-- About this task --
In the records below, begin at the line that has "2025 Volvo XC90 B6 Ultra" and stop after the line that has "cozinha de casa"; quote those lines verbatim and nothing more.

-- Data --
>>>>>
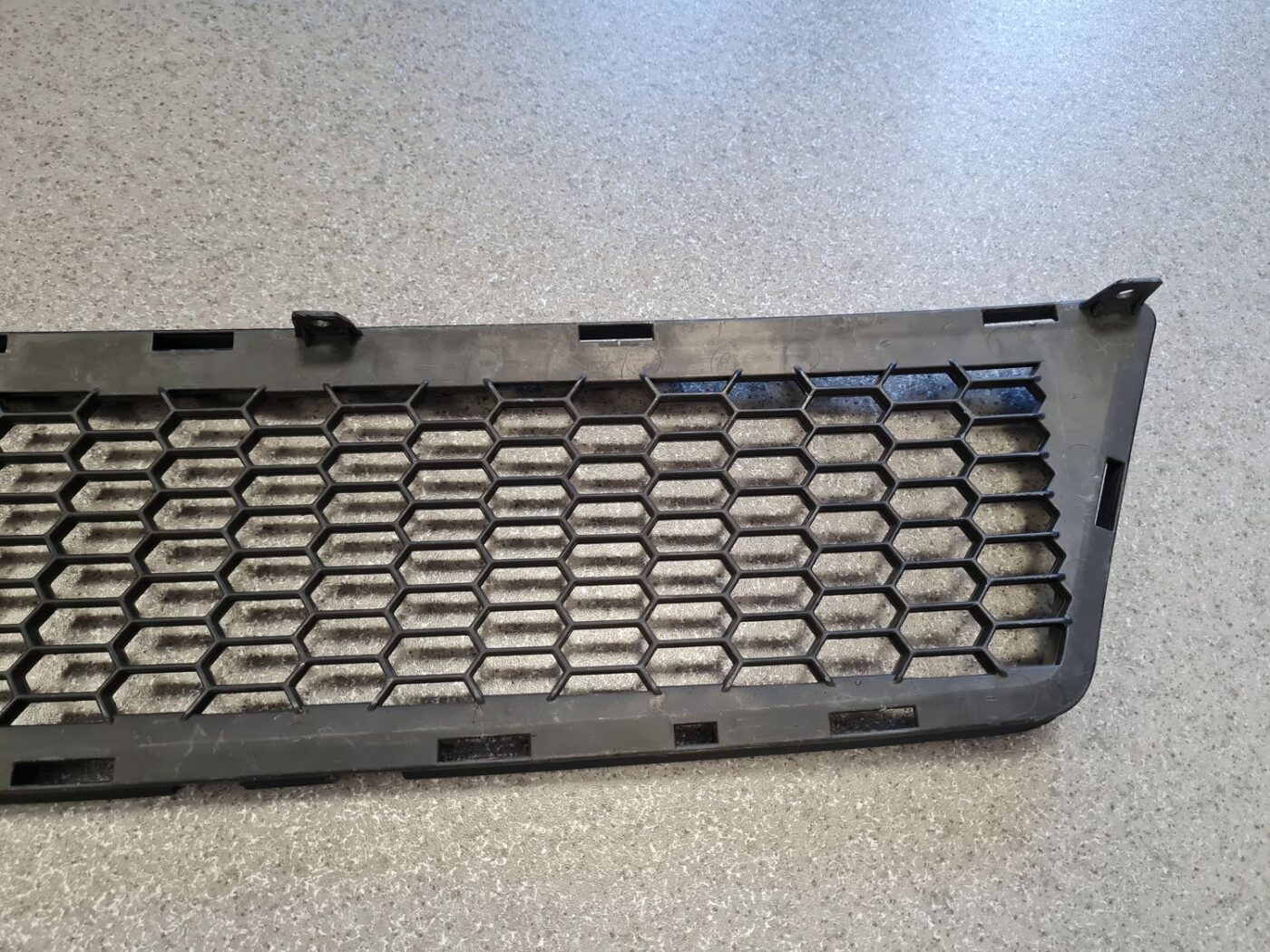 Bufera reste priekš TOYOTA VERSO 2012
<<<<<
>>>>>
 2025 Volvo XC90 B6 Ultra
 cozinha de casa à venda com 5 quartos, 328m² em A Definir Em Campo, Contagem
<<<<<
-- Reply --
 2025 Volvo XC90 B6 Ultra
 cozinha de casa à venda com 5 quartos, 328m² em A Definir Em Campo, Contagem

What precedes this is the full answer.